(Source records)
○ ○ ○ ○

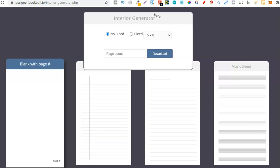That's all you're basically going to need to start producing books completely for free. Then once you start making royalties, invest that money into other tools to help you grow your business. Those are all the main free tools — there are many other great tools out there, but this video is about the bare minimum you need to get started.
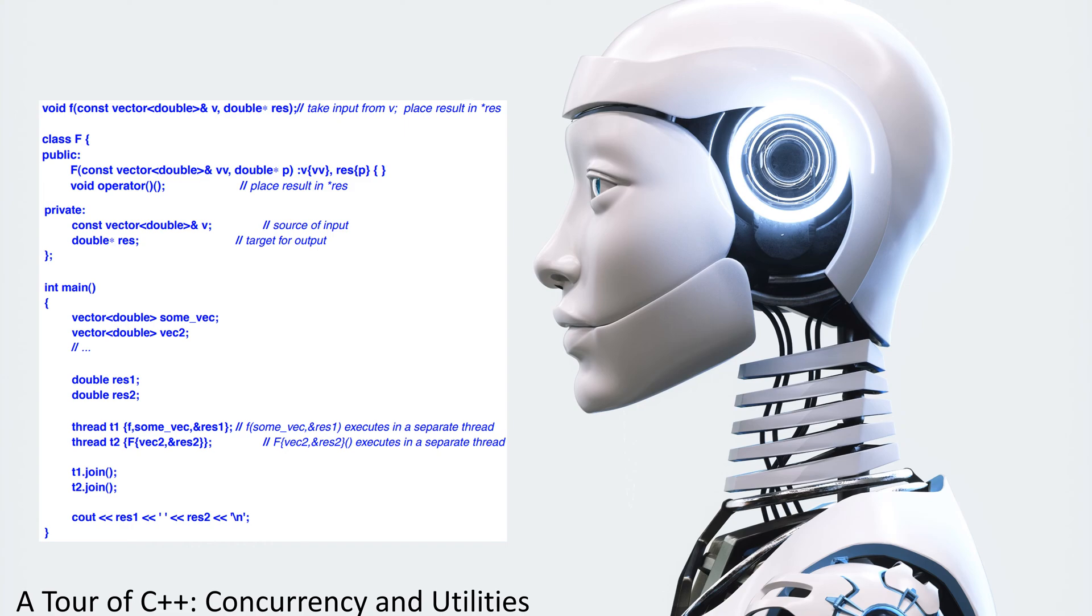Thread T1 dot join. T2 dot join. See out res 1 res 2 new line.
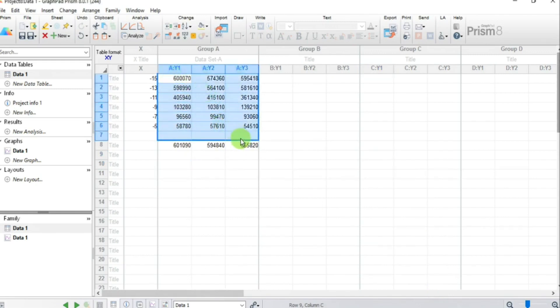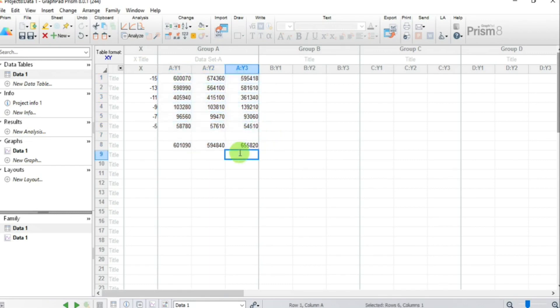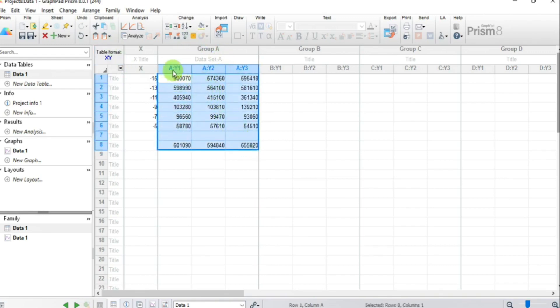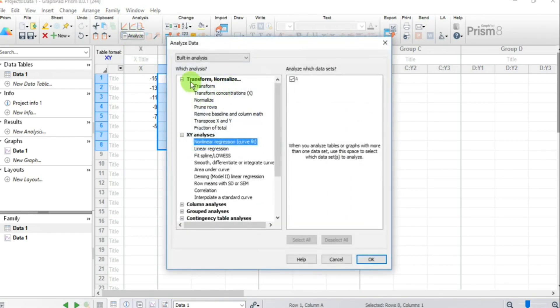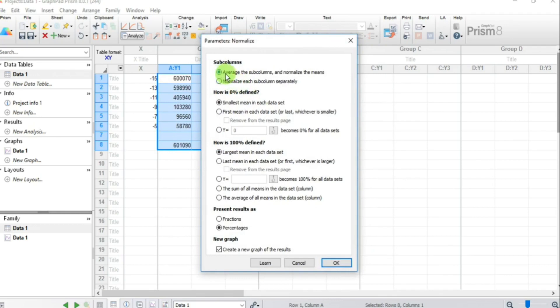Next we need to transform our Y values into percent values, because we are interested in a percent response or percent inhibition of our compound. To convert these values into percentages, click Analyze, then go to Transform and Normalize, and select Normalize. Hit OK.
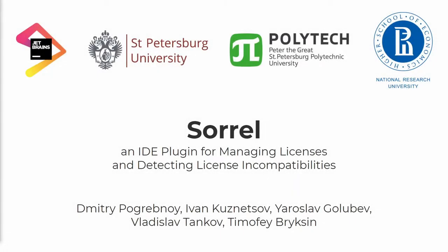Hello everyone! My name is Yaroslav Golubyev and I would like to tell you about Sorrel, an IDE plugin for managing licenses and detecting license incompatibilities.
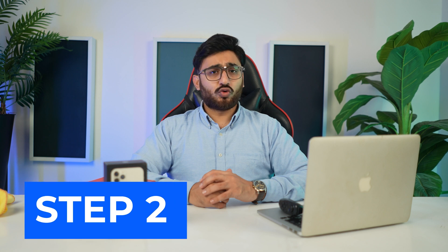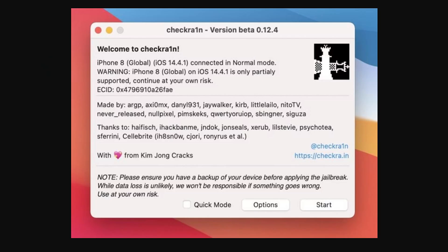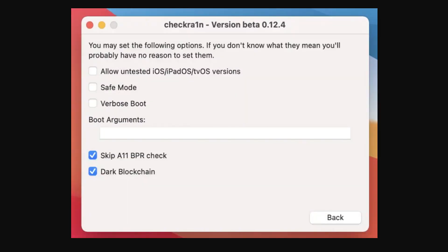Step 2: connect your iOS device to your Mac. Continue to connect your iOS device to the Mac using the USB cable. Open Applications > Contents > Mac iOS > checkra1n GUI terminal file to detect the device on Mac.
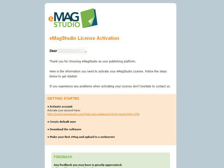Hi there, this is Steph with Emag Creator. This tutorial will help you activate and download Emag Studio.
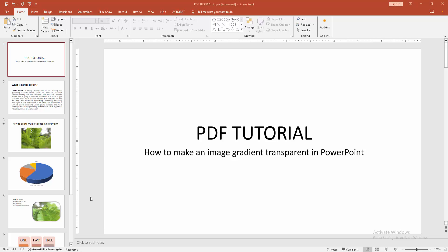Assalamu alaikum. Hello friends. How are you? Welcome back to another video. In this video, I'm going to show you how to make an image gradient transparent in PowerPoint. Let's get started.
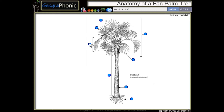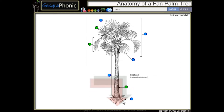This is a frond or leaf. This is a petiole. These are leaf scars. These are of course the roots of the palm tree. This is the crown.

○ ○ ○ ○

## WORK ORDER:
Only the lines from the one containing "Assalamu alaikum. Hello" through the final line of the entries belong in the copy, both ends included. Pictures stay out.

## RESPONSE:
Assalamu alaikum. Hello friends. How are you? Welcome back to another video. In this video, I'm going to show you how to make an image gradient transparent in PowerPoint. Let's get started.
This is a frond or leaf. This is a petiole. These are leaf scars. These are of course the roots of the palm tree. This is the crown.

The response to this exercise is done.